BRITAIN’S youngest terrorist is eligible for release this year — but his identity is being kept secret.
The teenager, who plotted to behead police officers in Australia, could walk free within months after serving five years of a life term.
But a life-long anonymity order means the lad, identified as Boy X, could walk the streets among an unsuspecting public.
Dr Paul Stott, of anti-extremism think tank the Henry Jackson Society, said: “The 2019 decision to grant a teenage terrorist lifelong anonymity, despite the objections of the media, was a remarkable decision.
“The public will rightly be disturbed that a young man considered dangerous enough to be jailed for life in 2015 may be considered for release in April 2020.
“The attack at London Bridge and Sudesh Amman’s in Streatham have proven that we can’t rule out released terrorists going on the rampage again.
The interests and concerns of the general public must come first.”
Boy X is one of 50 caged terrorists who could be released this year.
He was jailed for life for inciting terrorism aged just 14.
However, he may be set free after five years if he can show he no longer poses a threat to the public.
Unlike those given shorter, fixed terms, he will have to appear before the Parole Board and be deemed safe.
At a hearing in October 2015 over keeping his identity secret, Mr Justice Saunders said there was a risk he would be glorified in some parts of society.
He added: “That glorification is more likely to be effective if he is identified and more likely to encourage others to do what he has done.”
TEEN TARGETED POLICE
The teenager’s targets included a police station and a town hall in the UK and he had a guide on how to make bombs.

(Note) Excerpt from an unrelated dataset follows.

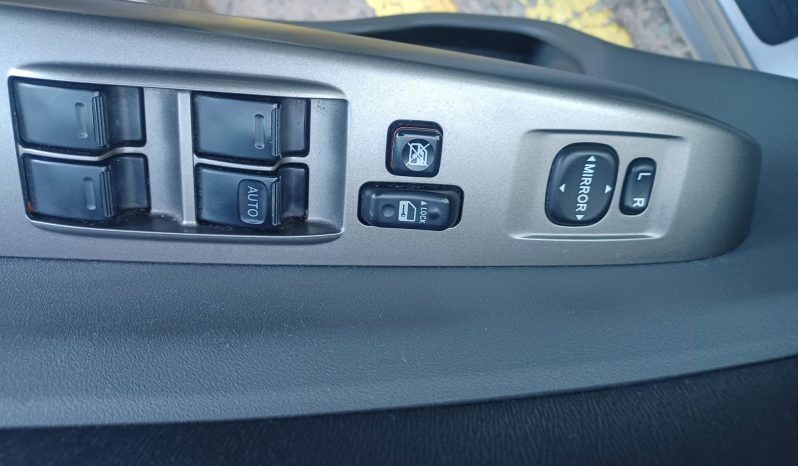 Toyota Prius 1.5 T Spirit CVT 5dr full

Police found a combat knife and an IS flag when they raided his home.
The security services had the bespectacled teenager on their radar for about a year before he was detained.
He had built up a Twitter fan base of 24,000 followers by operating 89 accounts before the social media giant closed them.
Boy X made contact with an Aussie IS recruiter based in Syria.
The boy, of Blackburn, Lancs, plotted a massacre in Melbourne on Anzac Day with accomplice Sevdet Besim.
The boy ordered Besim to behead police on the state occasion — the Australian equivalent of Remembrance Sunday — but both plotters were held by police with just days to go.
Boy X also drew up a list of four teachers he wanted to behead as he communicated with IS fanatics on social media.
His twisted behaviour at school even gave rise to classmates nicknaming him “The Terrorist”.
Shockingly, his mobile phone had footage of beheadings which he brazenly showed other pupils.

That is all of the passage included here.